A group of researchers from the University of Edinburgh recently used machine learning to find senolytic drugs. Senolytics are drugs that slow down the aging process and prevent age-related diseases.

Senolytic drugs work by destroying senescent cells. Senescent cells are metabolically active but cannot reproduce and are therefore known as “zombie cells”.

The inability to reproduce is not necessarily a bad thing. The DNA of these cells has been damaged (for example, skin cells that have been damaged by sunlight), so stopping replication prevents the damage from spreading.

Aging cells are not always a good thing. They secrete a combination of inflammatory proteins that can reach nearby cells.

Throughout our lives, our cells are attacked by various things from ultraviolet rays to chemicals, and old cells accumulate in our bodies. The increase in the number of senescent cells is involved in a wide range of diseases, including type 2 diabetes, covid, lung fibrosis, osteoarthritis and cancer.

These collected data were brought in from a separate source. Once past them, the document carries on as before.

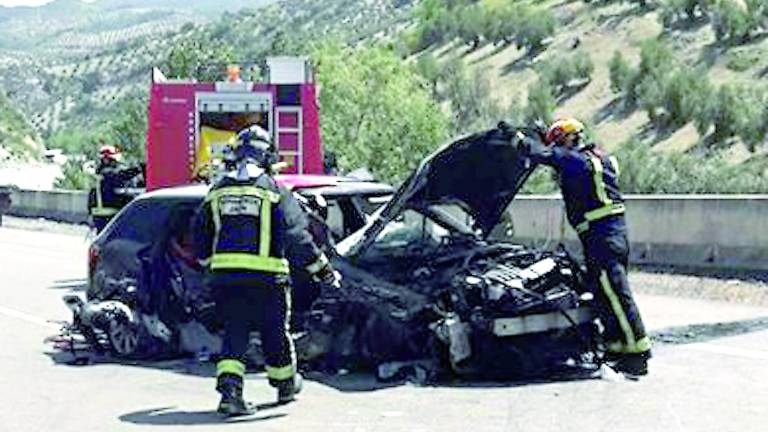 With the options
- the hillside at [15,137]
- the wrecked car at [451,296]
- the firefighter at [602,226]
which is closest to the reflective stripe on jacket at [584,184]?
the firefighter at [602,226]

Studies conducted on laboratory mice have shown that removing senescent cells using senolytics can improve the mentioned diseases. These drugs can kill zombie cells, but they have nothing to do with healthy cells.

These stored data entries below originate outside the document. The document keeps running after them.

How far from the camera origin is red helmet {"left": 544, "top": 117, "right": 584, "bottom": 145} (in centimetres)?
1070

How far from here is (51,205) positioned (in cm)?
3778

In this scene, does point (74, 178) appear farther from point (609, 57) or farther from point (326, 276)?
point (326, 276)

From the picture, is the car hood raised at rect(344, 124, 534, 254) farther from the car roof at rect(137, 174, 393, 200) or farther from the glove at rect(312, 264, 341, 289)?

About 80 senolytics are known, but only two of them have been tested in humans: the combination of dasatinib and quercetin. Finding more senolytics that can be used to treat various diseases is great, but it takes ten to twenty years and billions of dollars to bring a drug to market.

Results in five minutes

Researchers from the University of Edinburgh and Spain’s IBBTEC-CSIC research center wanted to know if they could train machine learning models to identify new senolytics. They included examples of senolytic drugs and non-senolytic drugs into the model. The models learned to distinguish between the two types of drugs and could therefore be used to predict whether previously unseen molecules were senolytics.